[What to produce] Go through the entries below. Copy out every line that contains "Dragon".

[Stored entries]
——

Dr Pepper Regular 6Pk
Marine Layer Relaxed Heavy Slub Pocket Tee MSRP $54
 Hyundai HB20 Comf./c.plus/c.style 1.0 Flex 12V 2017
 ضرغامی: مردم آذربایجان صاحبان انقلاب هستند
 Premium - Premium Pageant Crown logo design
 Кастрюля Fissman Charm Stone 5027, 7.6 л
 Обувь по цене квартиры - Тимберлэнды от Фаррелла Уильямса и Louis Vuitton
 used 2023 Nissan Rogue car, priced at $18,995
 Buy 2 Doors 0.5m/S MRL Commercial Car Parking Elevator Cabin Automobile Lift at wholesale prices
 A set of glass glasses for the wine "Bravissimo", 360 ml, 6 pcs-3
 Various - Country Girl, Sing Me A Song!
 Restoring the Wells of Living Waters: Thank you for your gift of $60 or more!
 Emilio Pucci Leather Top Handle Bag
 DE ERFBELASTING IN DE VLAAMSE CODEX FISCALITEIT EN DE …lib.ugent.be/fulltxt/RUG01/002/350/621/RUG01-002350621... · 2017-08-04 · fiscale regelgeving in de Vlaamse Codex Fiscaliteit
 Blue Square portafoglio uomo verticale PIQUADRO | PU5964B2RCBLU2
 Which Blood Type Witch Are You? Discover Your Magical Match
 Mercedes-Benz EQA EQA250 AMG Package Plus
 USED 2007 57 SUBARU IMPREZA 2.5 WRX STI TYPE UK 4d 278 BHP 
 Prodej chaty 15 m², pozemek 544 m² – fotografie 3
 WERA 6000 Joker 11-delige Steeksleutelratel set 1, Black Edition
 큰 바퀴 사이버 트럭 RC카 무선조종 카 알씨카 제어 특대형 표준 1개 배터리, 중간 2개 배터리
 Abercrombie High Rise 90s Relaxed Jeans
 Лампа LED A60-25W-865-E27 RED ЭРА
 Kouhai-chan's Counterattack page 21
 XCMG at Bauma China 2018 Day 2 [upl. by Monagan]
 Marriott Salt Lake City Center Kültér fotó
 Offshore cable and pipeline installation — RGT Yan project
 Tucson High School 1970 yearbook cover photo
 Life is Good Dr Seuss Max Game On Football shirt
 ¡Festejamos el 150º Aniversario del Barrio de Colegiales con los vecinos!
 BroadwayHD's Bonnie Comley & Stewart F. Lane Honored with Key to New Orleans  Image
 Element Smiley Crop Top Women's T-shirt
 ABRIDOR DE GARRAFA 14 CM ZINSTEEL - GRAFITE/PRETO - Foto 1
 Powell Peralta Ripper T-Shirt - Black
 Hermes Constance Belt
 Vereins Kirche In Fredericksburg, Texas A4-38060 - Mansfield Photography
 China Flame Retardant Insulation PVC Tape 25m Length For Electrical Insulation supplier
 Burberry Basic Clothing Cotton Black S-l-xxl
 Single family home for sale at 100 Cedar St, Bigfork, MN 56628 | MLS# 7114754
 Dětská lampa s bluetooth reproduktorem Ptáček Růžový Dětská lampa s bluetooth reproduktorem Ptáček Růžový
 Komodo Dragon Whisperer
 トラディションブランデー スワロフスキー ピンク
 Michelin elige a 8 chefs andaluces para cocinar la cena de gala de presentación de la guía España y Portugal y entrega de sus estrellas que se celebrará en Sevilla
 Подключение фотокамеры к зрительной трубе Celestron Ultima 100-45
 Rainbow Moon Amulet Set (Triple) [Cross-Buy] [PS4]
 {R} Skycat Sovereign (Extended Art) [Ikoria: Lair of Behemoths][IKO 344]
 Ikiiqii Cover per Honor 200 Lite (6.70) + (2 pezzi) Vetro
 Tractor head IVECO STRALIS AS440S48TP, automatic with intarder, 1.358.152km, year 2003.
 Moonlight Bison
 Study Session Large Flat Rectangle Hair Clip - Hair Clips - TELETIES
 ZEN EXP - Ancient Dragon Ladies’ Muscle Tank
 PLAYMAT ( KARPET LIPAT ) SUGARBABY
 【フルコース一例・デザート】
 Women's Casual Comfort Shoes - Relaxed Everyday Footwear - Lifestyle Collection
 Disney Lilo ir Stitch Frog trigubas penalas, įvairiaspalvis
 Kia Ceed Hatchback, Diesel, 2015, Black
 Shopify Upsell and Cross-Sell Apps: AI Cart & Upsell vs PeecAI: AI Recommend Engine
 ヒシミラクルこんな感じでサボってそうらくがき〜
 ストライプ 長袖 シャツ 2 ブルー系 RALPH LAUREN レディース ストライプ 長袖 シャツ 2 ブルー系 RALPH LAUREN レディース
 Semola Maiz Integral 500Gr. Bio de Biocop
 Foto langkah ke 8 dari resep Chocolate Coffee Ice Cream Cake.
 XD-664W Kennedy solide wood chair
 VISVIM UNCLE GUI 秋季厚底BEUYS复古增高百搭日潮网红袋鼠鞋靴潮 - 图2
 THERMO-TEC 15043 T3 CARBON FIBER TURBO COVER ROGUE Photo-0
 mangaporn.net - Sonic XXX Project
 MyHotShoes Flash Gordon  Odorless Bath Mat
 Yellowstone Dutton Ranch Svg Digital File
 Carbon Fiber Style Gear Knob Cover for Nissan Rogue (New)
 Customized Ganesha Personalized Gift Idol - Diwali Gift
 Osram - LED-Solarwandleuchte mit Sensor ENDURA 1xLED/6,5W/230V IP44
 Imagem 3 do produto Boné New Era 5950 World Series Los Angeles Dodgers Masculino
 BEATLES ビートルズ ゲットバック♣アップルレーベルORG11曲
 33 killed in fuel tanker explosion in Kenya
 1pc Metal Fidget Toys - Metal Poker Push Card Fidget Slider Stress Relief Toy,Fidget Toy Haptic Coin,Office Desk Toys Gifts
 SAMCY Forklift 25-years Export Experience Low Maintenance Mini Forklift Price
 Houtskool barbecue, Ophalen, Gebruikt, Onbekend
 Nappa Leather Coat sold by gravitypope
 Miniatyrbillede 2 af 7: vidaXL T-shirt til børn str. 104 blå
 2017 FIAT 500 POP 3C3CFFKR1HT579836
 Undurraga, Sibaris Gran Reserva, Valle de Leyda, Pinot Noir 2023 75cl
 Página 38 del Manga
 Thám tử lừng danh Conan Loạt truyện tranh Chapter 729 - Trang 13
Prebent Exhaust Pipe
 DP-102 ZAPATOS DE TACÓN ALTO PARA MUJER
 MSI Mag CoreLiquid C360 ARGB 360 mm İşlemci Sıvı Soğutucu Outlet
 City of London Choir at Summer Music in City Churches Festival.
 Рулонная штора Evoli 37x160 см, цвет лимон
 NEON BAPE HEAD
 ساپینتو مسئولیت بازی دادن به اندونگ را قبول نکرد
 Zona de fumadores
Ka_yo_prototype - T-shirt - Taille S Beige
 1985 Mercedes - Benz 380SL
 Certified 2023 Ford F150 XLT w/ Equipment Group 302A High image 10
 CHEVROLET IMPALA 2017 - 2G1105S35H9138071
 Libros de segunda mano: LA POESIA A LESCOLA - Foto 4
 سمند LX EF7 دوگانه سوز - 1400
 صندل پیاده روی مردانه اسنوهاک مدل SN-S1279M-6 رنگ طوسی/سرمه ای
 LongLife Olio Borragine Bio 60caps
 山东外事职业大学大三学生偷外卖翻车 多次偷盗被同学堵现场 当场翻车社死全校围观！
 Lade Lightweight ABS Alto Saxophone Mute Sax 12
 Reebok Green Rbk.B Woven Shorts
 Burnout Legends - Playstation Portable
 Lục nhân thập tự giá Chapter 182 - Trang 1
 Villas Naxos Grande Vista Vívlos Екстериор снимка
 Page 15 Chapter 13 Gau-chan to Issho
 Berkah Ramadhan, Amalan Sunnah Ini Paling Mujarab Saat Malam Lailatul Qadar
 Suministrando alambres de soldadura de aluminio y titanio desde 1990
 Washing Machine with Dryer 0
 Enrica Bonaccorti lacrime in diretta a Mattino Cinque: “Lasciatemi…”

——

[Output for this task]
 Komodo Dragon Whisperer
 ZEN EXP - Ancient Dragon Ladies’ Muscle Tank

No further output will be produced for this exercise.